** Collected material follows **
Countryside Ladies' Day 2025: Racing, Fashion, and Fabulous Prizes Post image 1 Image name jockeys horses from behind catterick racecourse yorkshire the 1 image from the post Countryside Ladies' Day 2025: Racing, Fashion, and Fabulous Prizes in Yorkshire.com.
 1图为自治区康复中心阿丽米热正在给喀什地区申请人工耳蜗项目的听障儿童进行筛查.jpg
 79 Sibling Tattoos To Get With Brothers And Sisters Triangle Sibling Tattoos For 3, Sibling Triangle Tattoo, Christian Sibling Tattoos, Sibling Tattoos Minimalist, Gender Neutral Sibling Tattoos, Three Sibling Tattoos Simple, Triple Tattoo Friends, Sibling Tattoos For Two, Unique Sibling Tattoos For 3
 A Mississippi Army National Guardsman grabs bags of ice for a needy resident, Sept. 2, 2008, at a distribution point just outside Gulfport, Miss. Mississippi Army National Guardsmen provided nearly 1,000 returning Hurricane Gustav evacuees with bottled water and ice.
** End of Collected material **
# Prompt
Only the lines from the first line of the material above through the line that contains "1图为自治区康复中心阿丽米热" should be quoted, each one exactly.

# Your solution
Countryside Ladies' Day 2025: Racing, Fashion, and Fabulous Prizes Post image 1 Image name jockeys horses from behind catterick racecourse yorkshire the 1 image from the post Countryside Ladies' Day 2025: Racing, Fashion, and Fabulous Prizes in Yorkshire.com.
 1图为自治区康复中心阿丽米热正在给喀什地区申请人工耳蜗项目的听障儿童进行筛查.jpg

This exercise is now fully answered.